I am, notwithstanding my chilly pessimism, very much looking forward to hot air ballooning. I’ve always thought there’s a certain old-time and upper-class romanticism that goes with balloons: Around the World in 80 Days, The Adventures of Baron Munchhausen and to a lesser extent Danny Deckchair starring the delighful Rhys Ifans… but not so much Led Zeppelin, or balloon animals. Nevertheless I’m excited.
That is until the breath of a dragon – a flashing red glow with a gush of wind – startles me from my dust-stumbling stupor. The first burst of flames has little to no impact on this oversized whoopie cushion, but they do light up the surrounding bushes. I needn’t complain about being cold anymore. Slowly the balloon begins to take shape, or at least take the shape of a large snail stalled on a cross-desert journey, its large orange and red stripes aiming to blend into the surrounds.
A few more squirts of fuel again and it’s as if the flames from the basket have lit up the entire black dome that once encased us. Rich hues of red and orange are peaking over the horizon. Purples and blues are filtering west, pushing the black night away.
Up, up n away
Twelve of us pile in the wicker basket. Our driver, or pilot… the guy in control of letting off hot air, unties the rope and we slide along the loose desert floor before inching off gracefully.
We climb into the air as the early morning sun hits us directly – the race against time has been won and our cameras are at the ready. A good view of the horizon and the lay of the land is cracked open by the piercing yellow that spreads quickly over the flat land as alarm clocks ring out in shrubs, burrows and hollows – desert life for another day has started. And sure enough, a few grey kangaroos are spotted on their morning bounce.

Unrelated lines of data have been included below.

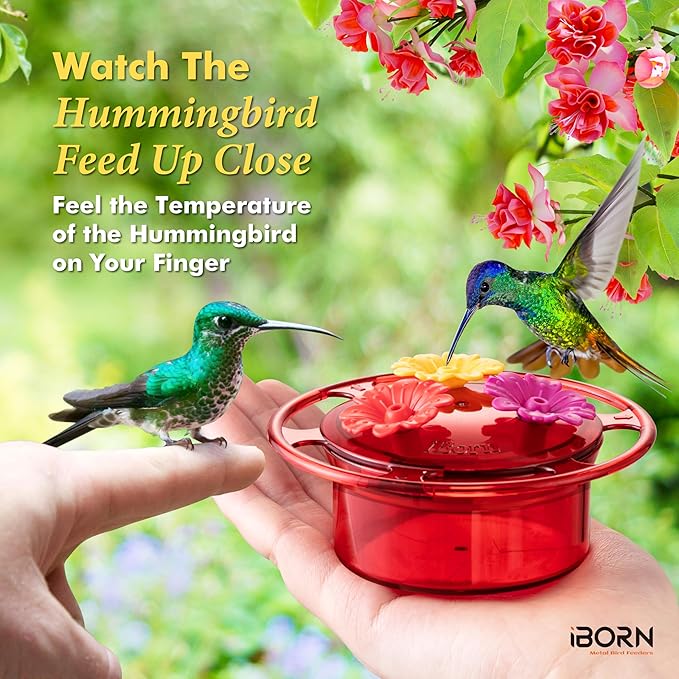 iBorn Handheld Hummingbird Feeders for Outdoors, Hummingbird Hand Feeder 3OZ Mini Bird Feeders for Outdoors, 3 Bee Guard Feeding Ports, Silicone Flower, Red (Set of 2)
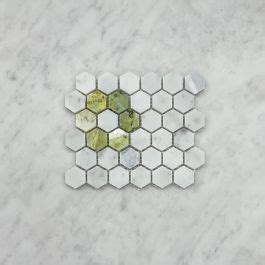 Sample Carrara White Marble 1 Inch Hexagon Rosette Mosaic Tile W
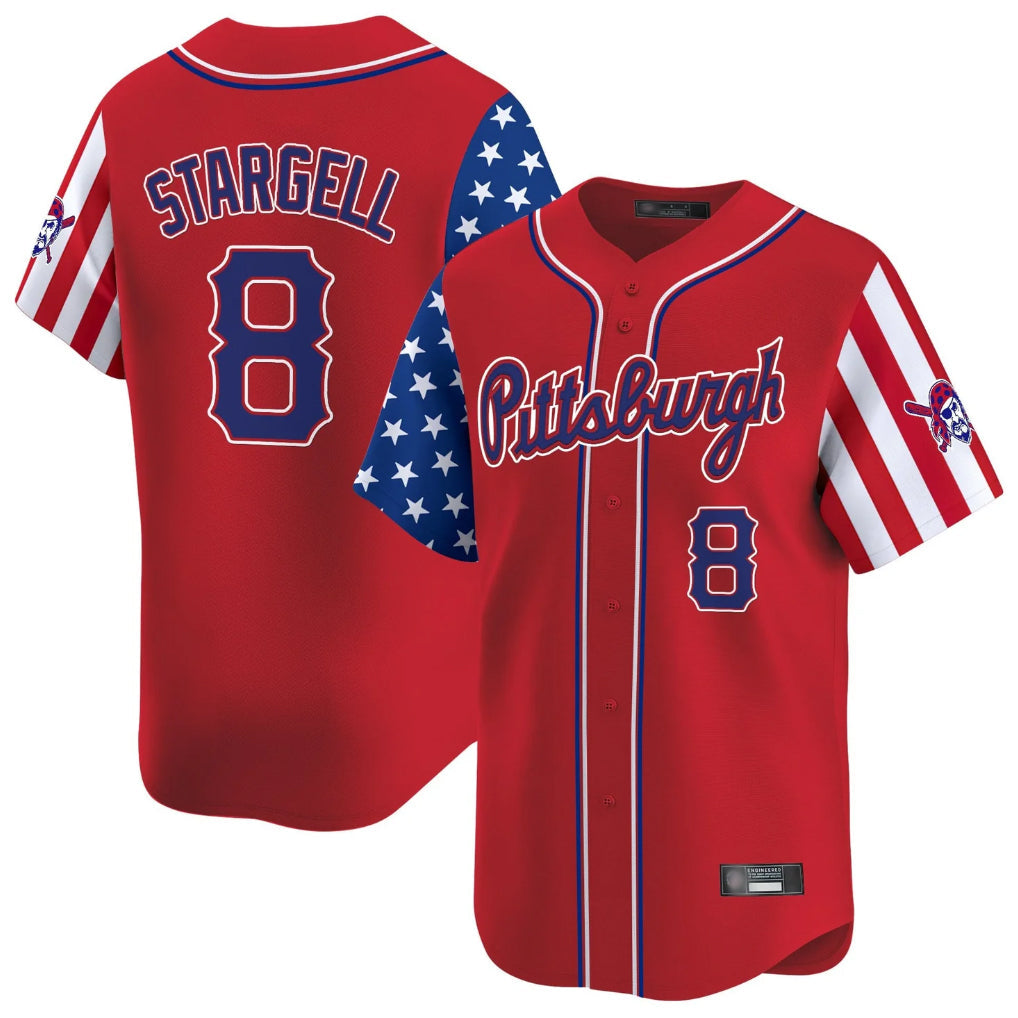 Johmsee P.Pirates #8 Willie Stargell Player Red 2025 Independence Day Vapor Premier Limited Stitched Jerseys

For us it’s onwards and upwards with the occasional spurt of flames, each giving us a bit more weightlessness.
It’s blissful and everyone has a delighted smile on their face. A fellow passenger questions our speed. It feels like we’re travelling at about five or 10 kilometres per hour. But without a breath of fresh air in our hair and pure peacefulness it’s a complete surprise to find we’re moving at 60 clicks.
This may sound completely stupid, but you can’t steer a balloon. It’s not like a massive kite, we don’t bank left or lean right. We have quite literally thrown caution to the wind – it’s up to Mother Nature – let’s hope she isn’t hungover.
Below us comes our mini van banging along down a dusty scrub track and we begin to lower. There’s no runway or X marking the spot, just plenty of room for a gradual landing. A bit of a skid on the red pebbles and to a stop we come.
Everyone pitches in to fold up the massive snail and it’s breakfast time. We chat excitedly about the flight as we scoff down a delicious meal of fruit, juice and a veritable array of other yum stuff. And although I don’t really need the coffee anymore, having warmed up and being thoroughly awake, I have one anyway. Because I’m an addict.
Exhilarated and ready for my next activity (and with a decent caffeine-buzz), it’s time for quadbiking. Turns out our balloon pilot is also our quadbike guy.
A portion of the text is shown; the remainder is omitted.